We have turned our engagement with our own time into a transaction. I don’t think it’s healthy.
I’ve been running my own business for 11 or 12 years now. I don’t agree necessarily with a sabbatical every 7 weeks or whatever; one must do what is right for them. But I also don’t agree it is necessary to spend the majority of my day working in some fashion. That seems the opposite of living.
I think, if one were to take a Sabbatical, to turn it to a “personal growth” opportunity would also be missing the point of leisure, at least in the original Latin sense of the word, where it means “no work.” It’d be better to treat your Sabbatical as a Sabbath, I think. They share the same root, after all.

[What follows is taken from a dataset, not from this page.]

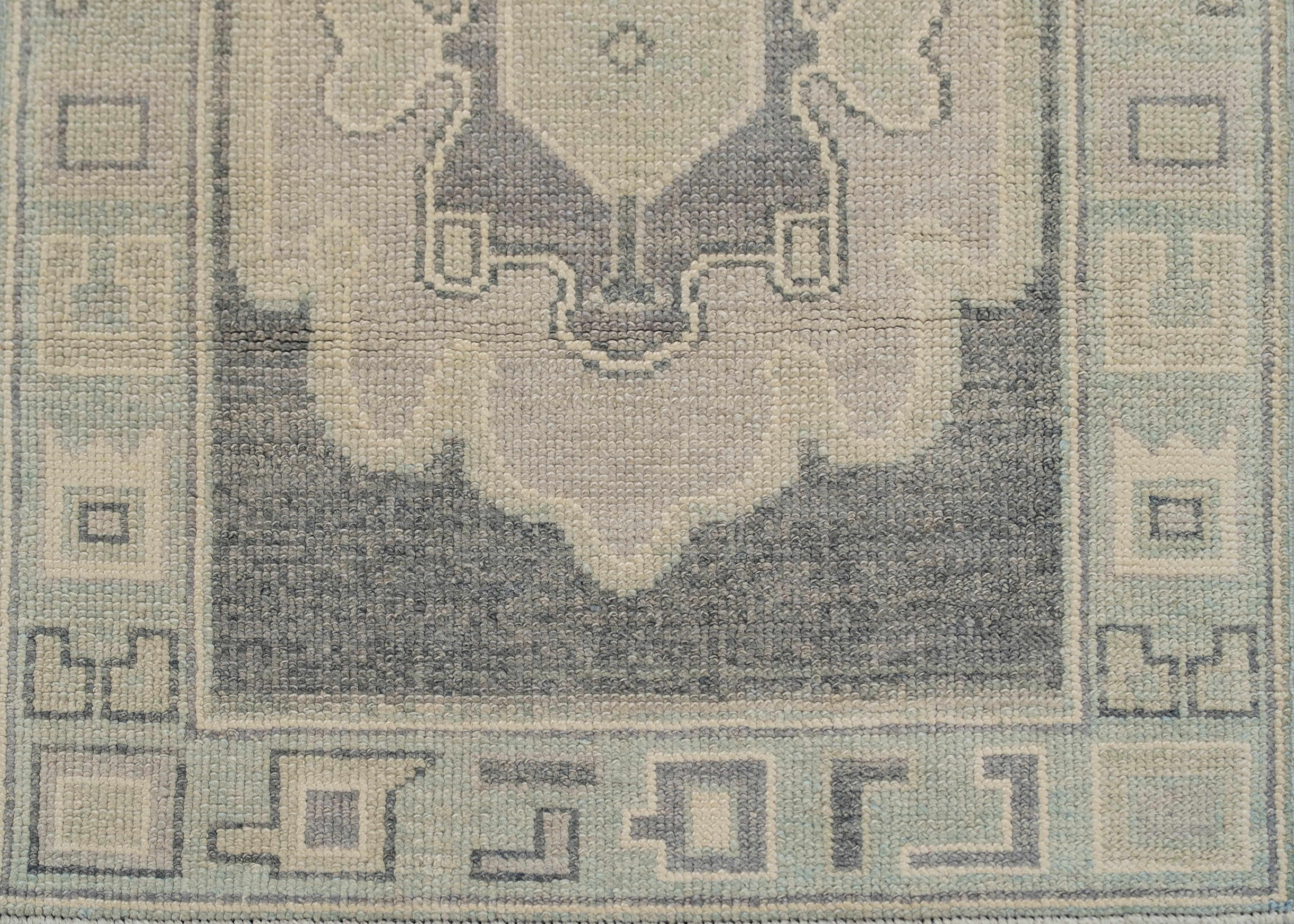 Noué à la main Tapis turc Oushak oriental fait à la main 2'8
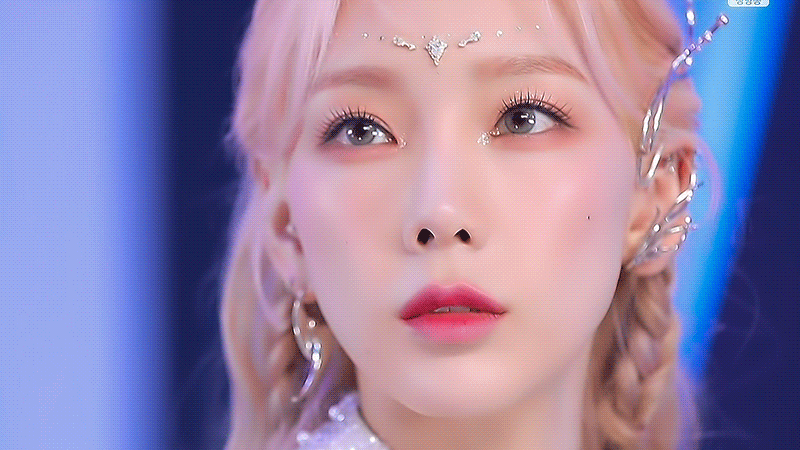  엠카 태연 INVU 움짤 gif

I always find threads like this interesting, because our western culture is so obsessed with being productive all the time that I think we’re all miserable.
Four Thousand Weeks has a joke that I liked in it. It goes something like this: a New York City businessman meets a fisherman somewhere in Asia. The businessman asks the fisherman about his day. The fisherman says he fishes for a few hours a day, then drinks wine and relaxes in the sun with his friends. Appalled by this schedule, the businessman explains to the fisherman that he should really work much more. If only he worked full 8-12 hour days, he’d make enough money to buy more boats and hire people to fish in the boats for him. Then, after making his millions, he could one day retire.
“What would I do then?” asked the fisherman.
The businessman thinks for a moment, and then says “drink wine and relax in the sun with your friends.”
I don’t know if I’m actually contributing here, but life is short and we all must live it accordingly to our own best desires.